One of the surprises could be the revelation that such diverse modernism and seeming controversy was able to exist and even flourish in an age of totalitarianism and in a milieu where, as people are nowadays led to believe, ‘no grass grew and not a bird twittered’. My ‘comrade in arms’ since sandpit days, artist Juris Dimiters, who has also actively walked ‘other paths’, ironized in his own characteristic way at the opening of the exhibition that it could all be presented in an even more tragic light, namely that “in spite of the persecution and torture chambers, with shirts soaked in blood and in the darkest night we did not give in and fought to the end...” Perhaps we might even earn ourselves some extra recognition this way, some bonuses or concessions...?
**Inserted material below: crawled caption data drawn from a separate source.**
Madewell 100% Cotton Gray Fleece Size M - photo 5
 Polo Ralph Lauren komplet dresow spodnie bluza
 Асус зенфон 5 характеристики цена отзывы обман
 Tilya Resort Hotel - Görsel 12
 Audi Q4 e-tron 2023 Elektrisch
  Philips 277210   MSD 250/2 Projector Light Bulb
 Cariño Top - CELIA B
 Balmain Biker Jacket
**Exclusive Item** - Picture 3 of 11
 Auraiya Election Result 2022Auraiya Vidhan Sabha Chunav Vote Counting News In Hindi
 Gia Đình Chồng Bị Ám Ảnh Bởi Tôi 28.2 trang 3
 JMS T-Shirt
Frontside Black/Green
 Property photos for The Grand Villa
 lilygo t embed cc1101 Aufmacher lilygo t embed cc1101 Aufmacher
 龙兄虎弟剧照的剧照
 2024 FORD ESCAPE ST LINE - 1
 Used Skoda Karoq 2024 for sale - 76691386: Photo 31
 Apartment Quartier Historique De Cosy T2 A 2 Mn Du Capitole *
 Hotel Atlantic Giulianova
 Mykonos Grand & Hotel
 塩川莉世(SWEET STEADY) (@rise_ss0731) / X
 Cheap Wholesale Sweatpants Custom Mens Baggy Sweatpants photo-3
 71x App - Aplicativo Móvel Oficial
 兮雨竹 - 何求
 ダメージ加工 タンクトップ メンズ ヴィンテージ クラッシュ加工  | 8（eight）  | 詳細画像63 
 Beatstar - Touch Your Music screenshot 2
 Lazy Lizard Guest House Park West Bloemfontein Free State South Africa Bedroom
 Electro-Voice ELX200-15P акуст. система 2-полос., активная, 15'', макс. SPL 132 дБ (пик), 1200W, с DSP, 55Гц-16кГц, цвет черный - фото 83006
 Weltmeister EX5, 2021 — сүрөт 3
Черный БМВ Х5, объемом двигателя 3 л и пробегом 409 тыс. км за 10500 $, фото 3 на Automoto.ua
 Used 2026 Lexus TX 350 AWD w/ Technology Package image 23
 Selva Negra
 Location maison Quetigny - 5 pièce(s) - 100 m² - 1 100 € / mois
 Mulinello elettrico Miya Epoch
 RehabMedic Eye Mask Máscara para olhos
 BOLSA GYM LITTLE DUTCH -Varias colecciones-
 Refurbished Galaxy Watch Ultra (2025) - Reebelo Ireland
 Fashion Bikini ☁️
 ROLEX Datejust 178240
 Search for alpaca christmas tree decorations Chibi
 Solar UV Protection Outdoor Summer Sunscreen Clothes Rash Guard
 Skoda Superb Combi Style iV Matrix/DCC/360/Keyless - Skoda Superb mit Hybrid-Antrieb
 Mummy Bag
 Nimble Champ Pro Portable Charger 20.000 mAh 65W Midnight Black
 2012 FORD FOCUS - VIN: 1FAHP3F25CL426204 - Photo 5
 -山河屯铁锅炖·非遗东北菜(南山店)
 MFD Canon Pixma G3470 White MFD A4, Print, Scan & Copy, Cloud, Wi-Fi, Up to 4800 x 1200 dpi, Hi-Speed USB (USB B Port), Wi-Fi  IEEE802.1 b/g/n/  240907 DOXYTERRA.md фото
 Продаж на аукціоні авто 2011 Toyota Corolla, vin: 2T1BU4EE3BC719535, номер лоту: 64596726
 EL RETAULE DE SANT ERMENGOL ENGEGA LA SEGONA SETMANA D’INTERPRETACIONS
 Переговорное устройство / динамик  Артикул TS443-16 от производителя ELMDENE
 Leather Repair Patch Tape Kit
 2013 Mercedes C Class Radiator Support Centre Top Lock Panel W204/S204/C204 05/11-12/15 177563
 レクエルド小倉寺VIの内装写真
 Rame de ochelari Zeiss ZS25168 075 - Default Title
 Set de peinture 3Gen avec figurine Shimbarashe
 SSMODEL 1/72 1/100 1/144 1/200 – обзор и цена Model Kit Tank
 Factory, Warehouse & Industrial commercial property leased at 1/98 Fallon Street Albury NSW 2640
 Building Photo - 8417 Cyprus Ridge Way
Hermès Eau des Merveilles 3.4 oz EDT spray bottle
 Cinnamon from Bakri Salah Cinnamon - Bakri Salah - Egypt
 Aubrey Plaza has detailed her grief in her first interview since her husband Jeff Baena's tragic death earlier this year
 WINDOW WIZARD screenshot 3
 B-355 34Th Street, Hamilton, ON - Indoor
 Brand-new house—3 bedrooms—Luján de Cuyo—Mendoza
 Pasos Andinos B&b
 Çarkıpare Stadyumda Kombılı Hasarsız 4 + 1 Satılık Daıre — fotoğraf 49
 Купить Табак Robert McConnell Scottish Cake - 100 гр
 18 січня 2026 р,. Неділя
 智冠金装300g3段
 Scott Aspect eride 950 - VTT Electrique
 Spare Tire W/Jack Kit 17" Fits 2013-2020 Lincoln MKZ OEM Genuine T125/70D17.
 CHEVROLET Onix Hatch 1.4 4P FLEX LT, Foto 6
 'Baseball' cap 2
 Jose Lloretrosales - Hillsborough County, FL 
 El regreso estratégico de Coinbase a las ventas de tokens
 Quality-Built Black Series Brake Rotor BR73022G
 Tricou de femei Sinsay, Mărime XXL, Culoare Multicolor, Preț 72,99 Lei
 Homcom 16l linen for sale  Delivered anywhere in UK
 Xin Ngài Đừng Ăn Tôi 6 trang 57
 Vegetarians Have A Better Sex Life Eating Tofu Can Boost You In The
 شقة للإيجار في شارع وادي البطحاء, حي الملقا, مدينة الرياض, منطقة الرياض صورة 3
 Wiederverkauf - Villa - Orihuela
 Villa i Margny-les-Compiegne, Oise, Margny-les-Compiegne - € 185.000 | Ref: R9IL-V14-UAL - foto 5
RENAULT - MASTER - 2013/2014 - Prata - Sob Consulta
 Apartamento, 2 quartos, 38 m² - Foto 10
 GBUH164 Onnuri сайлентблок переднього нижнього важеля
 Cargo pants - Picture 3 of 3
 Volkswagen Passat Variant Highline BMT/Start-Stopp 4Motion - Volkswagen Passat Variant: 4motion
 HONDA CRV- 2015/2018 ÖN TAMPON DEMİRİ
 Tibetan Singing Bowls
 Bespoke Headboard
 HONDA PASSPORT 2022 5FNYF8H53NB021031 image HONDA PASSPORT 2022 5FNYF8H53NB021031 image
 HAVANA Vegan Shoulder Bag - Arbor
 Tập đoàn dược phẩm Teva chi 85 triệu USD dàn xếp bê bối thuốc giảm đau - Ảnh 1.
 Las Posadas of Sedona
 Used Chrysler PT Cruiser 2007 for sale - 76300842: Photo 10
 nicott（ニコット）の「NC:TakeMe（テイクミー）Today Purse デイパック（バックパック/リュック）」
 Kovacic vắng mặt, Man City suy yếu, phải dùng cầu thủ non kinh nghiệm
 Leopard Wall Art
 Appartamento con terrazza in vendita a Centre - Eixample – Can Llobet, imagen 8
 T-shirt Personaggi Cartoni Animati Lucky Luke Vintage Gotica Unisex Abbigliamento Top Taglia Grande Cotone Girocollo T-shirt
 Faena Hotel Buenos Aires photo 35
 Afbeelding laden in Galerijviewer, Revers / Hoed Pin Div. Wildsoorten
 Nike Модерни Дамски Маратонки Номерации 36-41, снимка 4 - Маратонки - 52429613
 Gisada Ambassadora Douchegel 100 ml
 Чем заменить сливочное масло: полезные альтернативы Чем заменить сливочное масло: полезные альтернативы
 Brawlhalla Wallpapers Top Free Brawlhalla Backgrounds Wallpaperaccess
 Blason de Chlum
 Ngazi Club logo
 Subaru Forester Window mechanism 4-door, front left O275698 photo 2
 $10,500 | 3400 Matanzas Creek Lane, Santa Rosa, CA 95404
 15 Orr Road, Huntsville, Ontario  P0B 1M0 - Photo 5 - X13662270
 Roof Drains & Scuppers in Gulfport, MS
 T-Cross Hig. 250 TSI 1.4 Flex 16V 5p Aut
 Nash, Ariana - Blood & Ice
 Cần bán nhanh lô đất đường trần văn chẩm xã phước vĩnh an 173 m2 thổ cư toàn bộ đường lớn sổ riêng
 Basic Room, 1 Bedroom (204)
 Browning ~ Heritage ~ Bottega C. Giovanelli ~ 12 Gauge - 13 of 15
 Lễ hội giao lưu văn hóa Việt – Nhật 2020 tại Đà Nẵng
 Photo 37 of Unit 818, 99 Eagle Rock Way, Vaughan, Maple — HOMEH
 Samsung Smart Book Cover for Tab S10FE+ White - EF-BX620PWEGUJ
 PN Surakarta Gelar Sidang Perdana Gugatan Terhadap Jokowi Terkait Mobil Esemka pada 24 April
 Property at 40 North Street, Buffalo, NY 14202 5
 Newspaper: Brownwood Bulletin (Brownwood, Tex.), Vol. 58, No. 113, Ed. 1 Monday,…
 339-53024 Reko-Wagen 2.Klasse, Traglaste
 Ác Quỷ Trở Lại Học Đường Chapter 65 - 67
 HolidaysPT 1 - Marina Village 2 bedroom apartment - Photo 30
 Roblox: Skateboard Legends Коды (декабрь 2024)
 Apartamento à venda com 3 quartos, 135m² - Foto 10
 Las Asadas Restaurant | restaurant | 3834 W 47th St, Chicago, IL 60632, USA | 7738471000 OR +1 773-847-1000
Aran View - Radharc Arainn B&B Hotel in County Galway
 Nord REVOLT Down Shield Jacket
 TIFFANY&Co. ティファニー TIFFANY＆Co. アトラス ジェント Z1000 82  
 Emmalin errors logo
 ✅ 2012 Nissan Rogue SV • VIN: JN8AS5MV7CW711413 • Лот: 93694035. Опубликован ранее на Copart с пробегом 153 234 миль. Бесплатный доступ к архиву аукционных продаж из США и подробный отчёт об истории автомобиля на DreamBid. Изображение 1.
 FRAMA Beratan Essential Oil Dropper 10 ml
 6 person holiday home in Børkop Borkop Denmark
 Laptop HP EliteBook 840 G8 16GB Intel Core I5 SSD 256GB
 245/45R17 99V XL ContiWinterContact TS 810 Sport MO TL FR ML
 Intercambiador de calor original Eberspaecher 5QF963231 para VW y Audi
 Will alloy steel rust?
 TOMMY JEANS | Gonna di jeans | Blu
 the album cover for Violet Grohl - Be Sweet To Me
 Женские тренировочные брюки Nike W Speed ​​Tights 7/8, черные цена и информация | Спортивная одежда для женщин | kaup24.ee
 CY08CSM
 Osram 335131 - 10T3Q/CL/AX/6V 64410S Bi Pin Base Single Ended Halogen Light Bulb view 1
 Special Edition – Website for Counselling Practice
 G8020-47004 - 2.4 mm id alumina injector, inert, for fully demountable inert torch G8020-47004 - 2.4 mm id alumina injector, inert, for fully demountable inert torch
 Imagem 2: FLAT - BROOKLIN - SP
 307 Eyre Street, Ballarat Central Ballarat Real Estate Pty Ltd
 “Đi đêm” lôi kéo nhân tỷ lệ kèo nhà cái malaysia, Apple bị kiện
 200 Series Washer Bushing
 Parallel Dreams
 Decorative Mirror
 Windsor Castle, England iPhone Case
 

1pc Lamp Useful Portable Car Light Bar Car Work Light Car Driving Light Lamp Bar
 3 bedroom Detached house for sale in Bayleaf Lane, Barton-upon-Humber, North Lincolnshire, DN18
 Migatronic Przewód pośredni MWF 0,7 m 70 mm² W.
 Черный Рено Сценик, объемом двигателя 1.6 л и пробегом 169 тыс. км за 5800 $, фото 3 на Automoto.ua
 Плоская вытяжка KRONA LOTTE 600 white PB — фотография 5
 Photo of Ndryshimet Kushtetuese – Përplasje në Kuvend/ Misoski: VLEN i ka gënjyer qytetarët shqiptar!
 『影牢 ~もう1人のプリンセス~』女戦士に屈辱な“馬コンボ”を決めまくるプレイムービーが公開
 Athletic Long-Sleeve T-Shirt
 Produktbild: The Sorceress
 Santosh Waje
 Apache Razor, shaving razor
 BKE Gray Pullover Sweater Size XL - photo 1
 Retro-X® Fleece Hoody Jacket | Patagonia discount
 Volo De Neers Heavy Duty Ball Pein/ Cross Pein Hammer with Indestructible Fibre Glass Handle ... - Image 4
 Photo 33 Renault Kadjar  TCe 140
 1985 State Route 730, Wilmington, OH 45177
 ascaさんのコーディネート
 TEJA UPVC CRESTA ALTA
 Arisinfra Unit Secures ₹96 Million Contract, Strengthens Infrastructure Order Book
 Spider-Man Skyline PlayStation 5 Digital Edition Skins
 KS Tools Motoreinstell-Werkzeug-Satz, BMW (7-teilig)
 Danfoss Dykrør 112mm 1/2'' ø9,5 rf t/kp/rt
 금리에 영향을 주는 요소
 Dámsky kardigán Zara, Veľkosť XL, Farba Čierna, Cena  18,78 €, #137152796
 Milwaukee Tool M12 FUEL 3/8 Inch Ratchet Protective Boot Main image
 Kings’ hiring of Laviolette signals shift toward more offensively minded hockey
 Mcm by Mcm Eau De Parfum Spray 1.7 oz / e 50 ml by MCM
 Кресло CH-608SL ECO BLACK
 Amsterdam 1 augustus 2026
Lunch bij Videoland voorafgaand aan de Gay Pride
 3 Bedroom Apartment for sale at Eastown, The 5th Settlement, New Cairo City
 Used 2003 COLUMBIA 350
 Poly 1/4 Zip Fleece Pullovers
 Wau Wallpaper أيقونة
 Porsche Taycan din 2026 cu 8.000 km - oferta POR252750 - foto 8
The many artists who took ‘other directions’ definitely each had their own particular history, their own background, their own sources and ‘secret linings’... I, too, am stimulated by the exhibition to try to fish up from the pool of memories the morsels of my beginnings in art. At the start of the period in question, in 1960, the very deepest Sovietness prevailed, Egypt-like in its indestructibility. At the time when this ‘other direction’ was commencing I was only 14. I had barely dipped a foot into the enticing flow of art. In truth, it was an entirely unforeseen coincidence that I even came near it. In my childish mind I had envisaged myself in the future as an explorer of the world, and accordingly engaged in romantic visions of the professions of aviator or geologist. Whereas art had associations with various illustrative messages – Shishkin’s bears and suchlike. In my early years, going to church with my grandma, I had to sit out tedious and incomprehensible services. To pass the time, I’d examine the pictures on the white walls, with scenes such as the ‘firemen’ (later I learned that they were Romans) tormenting a naked, bony man in all sorts of ways. Probably this evil-doer truly had deserved his suffering... As opposed to attending church, I was always longing for my Mama to take me out for cakes at the Milk Restaurant café (the present location of Radisson Blu Hotel Latvia). There on the wall, in the place of honour, was an enormous copy of the painting The Ninth Wave by Aivazovsky, with the dramatic scene of a drowning man clinging desperately to a fragment of the mast, a depiction that that in no way diminished my equally realistic enjoyment of the tasty treat. The magic of art was expressed in frightening and mysterious tales...
 
Pollutionists' group. Jānis Borgs, Valdis Celms and Māris Ārgalis. The first half of of the 1980s. From Jānis Borgs' personal archive
 
I was awakened from peredvizhnik slumber by the young artist Džemma Skulme. In about 1956 she spotted a blonde little boy in the choir of Mežaparks Primary School who, [she thought], would be just right as a model for the illustrations of some literary classics. Thus, I was transformed into Oliver Twist. For my present associates, in whose eyes I’ve long been ‘Mr Hundredweight’, such a metamorphosis may be rather difficult to imagine. But it only goes to show that everything in life is subject to inevitable change.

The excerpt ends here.